Bioinformatics tools will need to have the potential to confirm functionality changes of the underlying ecosystem (metatranscriptomics). Trend data analysis on different types of data are currently being performed to compare and match data sets where possible, leading to p-value estimations that can be evaluated and validated. This is achieved by performing additional functional metagenomics. Particular attention is being paid to the design of a correct sampling strategy and frequency.
This project, which is based at Applied Maths in Belgium, is focussed on applying and validating these tools using the metagenomics data of Caulerpa-associated bacteria, which has close links to project 6 based at the University of Ghent. Research underway will look at whether the algorithms and tools being developed can integrate with the existing BioNumerics software suite or will have to be developed as a standalone application. The integration or linking with a cloud or cluster environment is anticipated given the expected size of the data samples.

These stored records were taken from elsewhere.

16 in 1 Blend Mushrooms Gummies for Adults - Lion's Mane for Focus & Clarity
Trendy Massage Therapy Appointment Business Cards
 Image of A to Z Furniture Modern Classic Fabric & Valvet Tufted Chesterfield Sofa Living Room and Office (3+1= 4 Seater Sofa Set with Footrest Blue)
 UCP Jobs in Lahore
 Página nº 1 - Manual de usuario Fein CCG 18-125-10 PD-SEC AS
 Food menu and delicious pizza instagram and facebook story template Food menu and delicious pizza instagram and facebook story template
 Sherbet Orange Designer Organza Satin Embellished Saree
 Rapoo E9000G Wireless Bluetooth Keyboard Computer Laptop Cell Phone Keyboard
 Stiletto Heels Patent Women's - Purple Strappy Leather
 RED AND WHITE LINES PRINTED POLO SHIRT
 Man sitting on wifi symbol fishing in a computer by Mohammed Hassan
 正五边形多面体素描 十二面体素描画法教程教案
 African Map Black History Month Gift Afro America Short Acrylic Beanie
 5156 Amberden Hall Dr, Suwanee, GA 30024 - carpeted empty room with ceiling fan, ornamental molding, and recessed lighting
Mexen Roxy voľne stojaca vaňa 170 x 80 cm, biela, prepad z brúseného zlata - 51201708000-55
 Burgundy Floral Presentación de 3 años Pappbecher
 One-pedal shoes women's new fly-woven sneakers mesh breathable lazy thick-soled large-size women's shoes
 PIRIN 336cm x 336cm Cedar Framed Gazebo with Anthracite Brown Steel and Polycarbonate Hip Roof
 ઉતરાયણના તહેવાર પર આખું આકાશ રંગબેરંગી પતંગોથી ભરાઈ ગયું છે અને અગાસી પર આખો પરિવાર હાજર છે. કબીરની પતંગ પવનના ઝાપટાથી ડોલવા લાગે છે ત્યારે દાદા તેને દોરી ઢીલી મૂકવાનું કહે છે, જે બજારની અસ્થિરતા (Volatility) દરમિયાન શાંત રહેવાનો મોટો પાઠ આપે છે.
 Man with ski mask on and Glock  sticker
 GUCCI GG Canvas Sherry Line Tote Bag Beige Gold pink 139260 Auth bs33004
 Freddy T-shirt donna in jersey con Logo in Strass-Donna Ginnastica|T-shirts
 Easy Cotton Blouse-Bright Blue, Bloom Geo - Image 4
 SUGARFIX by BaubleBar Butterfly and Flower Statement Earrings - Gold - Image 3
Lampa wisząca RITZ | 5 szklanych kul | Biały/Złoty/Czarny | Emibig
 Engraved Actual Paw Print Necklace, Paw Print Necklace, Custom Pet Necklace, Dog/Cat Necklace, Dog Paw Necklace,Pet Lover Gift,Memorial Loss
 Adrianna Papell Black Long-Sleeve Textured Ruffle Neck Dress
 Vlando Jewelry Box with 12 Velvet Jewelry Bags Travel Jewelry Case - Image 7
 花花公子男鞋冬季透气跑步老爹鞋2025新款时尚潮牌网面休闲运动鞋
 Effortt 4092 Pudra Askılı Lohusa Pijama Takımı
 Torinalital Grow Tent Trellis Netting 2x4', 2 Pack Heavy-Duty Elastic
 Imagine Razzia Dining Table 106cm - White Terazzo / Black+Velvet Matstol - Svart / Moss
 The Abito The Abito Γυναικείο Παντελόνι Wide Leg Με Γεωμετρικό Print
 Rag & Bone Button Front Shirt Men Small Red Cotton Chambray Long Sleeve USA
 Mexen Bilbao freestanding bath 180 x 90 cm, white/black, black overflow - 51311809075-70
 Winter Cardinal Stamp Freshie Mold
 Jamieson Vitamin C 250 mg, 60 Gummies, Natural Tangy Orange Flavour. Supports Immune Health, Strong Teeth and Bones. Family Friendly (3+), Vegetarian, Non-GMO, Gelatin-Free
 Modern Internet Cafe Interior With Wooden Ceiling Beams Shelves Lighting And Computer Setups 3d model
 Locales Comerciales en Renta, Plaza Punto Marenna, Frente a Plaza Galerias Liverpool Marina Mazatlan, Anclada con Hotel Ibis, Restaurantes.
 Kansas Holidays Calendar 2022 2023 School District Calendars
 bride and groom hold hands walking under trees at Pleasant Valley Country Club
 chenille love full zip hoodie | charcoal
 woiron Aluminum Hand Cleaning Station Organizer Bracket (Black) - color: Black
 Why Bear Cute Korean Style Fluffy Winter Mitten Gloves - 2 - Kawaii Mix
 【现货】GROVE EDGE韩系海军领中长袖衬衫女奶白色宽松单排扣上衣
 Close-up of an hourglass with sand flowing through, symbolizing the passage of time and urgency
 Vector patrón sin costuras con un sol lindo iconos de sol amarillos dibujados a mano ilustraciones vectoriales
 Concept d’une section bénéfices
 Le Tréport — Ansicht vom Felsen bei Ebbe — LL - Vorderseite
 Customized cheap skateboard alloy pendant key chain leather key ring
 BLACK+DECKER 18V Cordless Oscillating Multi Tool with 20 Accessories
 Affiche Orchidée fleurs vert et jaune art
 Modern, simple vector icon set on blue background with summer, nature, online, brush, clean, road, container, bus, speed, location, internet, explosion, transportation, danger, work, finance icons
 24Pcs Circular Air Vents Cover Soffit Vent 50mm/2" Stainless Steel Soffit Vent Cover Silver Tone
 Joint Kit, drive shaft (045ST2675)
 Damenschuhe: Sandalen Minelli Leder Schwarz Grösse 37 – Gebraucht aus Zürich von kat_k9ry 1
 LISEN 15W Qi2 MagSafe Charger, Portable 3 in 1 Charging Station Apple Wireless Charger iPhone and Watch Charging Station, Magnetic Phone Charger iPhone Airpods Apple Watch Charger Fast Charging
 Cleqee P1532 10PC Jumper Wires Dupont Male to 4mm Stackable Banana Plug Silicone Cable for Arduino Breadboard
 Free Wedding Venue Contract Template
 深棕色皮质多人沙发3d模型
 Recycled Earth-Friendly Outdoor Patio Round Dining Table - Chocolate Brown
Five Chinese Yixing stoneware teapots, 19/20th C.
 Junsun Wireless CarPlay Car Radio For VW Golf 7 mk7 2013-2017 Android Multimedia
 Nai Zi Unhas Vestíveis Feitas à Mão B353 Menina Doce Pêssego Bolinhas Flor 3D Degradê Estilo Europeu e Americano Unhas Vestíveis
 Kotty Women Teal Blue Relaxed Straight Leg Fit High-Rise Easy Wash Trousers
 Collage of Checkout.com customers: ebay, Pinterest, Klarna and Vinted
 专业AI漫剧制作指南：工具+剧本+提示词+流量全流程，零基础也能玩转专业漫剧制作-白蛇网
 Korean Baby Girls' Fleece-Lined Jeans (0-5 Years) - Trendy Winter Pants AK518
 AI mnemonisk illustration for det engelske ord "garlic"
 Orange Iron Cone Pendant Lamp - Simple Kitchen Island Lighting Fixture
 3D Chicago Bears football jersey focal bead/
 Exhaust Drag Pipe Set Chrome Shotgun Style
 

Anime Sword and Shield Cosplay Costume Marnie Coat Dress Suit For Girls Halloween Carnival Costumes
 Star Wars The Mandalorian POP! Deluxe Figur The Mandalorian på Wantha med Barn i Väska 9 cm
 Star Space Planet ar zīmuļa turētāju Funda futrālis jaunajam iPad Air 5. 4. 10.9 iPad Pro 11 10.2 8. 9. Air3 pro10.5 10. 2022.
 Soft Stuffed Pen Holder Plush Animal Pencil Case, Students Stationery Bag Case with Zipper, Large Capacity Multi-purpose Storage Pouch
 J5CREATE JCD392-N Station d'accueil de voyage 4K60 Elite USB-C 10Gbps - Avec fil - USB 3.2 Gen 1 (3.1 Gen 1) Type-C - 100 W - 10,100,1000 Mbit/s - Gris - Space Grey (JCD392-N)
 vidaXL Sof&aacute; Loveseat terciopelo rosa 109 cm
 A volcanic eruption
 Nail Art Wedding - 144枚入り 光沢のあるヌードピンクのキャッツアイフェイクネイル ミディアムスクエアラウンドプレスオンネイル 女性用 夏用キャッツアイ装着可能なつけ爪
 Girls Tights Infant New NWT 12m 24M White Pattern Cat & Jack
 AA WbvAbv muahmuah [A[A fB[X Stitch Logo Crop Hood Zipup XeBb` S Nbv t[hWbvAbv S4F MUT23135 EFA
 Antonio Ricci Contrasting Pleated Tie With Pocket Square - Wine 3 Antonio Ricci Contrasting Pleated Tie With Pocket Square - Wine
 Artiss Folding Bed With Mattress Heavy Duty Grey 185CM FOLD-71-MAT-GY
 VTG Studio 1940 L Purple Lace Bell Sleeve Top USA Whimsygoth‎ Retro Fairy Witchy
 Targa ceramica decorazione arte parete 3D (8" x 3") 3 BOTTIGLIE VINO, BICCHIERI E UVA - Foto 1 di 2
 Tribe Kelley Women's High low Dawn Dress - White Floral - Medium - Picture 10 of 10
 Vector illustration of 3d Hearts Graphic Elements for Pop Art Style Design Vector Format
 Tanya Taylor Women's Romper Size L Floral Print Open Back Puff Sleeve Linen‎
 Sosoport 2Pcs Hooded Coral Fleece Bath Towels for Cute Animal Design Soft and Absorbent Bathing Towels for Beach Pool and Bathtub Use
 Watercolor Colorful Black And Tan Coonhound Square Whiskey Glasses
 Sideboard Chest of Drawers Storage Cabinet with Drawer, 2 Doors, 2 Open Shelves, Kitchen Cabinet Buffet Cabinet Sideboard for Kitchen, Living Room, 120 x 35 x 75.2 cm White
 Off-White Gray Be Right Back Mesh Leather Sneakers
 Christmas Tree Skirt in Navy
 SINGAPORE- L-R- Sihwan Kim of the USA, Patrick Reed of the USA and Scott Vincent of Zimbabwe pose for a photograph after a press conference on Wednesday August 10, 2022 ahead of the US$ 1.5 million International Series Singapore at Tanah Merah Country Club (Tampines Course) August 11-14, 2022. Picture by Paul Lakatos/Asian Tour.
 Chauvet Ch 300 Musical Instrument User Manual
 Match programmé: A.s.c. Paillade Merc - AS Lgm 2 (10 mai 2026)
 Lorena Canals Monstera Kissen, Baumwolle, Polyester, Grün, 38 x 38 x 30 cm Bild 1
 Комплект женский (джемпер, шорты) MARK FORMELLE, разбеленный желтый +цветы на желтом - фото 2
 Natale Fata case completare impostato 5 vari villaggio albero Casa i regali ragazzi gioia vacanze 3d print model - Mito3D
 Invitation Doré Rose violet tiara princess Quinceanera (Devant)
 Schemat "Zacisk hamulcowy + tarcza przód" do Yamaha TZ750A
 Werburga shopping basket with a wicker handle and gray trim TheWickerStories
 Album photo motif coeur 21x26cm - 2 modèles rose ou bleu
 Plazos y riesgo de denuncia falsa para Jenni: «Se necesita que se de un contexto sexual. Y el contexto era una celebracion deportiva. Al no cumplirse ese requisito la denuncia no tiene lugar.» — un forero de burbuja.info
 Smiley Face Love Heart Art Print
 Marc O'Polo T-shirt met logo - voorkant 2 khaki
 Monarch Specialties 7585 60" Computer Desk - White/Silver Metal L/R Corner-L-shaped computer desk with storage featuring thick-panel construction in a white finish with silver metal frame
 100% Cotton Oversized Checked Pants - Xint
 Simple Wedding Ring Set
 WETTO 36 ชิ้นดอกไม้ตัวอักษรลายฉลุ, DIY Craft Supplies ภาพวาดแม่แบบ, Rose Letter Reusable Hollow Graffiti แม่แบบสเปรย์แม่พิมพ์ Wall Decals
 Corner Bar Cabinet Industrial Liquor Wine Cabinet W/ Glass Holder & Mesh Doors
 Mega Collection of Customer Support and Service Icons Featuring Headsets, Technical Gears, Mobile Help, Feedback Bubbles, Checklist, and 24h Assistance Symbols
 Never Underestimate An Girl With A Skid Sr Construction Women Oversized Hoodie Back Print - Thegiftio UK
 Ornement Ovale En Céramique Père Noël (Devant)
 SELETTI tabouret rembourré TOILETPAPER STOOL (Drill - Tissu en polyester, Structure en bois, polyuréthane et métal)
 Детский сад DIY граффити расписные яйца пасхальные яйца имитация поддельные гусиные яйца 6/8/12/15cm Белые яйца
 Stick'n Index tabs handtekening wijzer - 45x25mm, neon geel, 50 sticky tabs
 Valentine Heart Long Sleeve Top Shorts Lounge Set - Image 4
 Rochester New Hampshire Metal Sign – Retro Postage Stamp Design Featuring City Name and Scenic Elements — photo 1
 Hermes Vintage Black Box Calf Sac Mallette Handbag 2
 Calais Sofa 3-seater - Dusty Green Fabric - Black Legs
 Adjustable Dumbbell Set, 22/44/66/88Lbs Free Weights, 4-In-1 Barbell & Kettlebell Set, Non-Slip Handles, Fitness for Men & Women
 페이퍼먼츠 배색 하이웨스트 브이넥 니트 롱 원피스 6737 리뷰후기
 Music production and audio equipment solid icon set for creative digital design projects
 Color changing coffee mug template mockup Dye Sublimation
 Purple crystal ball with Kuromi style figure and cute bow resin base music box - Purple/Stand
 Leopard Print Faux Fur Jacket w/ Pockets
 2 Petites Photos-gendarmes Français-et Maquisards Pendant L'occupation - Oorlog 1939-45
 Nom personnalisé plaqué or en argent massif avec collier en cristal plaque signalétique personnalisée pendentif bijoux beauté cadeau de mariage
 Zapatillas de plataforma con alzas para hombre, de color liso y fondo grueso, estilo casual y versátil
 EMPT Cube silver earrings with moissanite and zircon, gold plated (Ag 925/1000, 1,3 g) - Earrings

Johannes Schicker has been appointed PhD researcher to this project. His work will focus on generating metatranscriptomics data for the biological material relating to the work of project 6. For a time, therefore, Johannes will be on secondment at the University of Ghent, and also VIB where projects 14 and 15 will develop bioinformatics tools specifically targeted at Eukaryotic (algal) data.
Overall, this project will aim to provide an improved insight into sample strategy management, along with software that can match multiple trend data analyses on different types of data collected on same samples: (partial) metagenomic sequences, compositional information and functional modifications over time.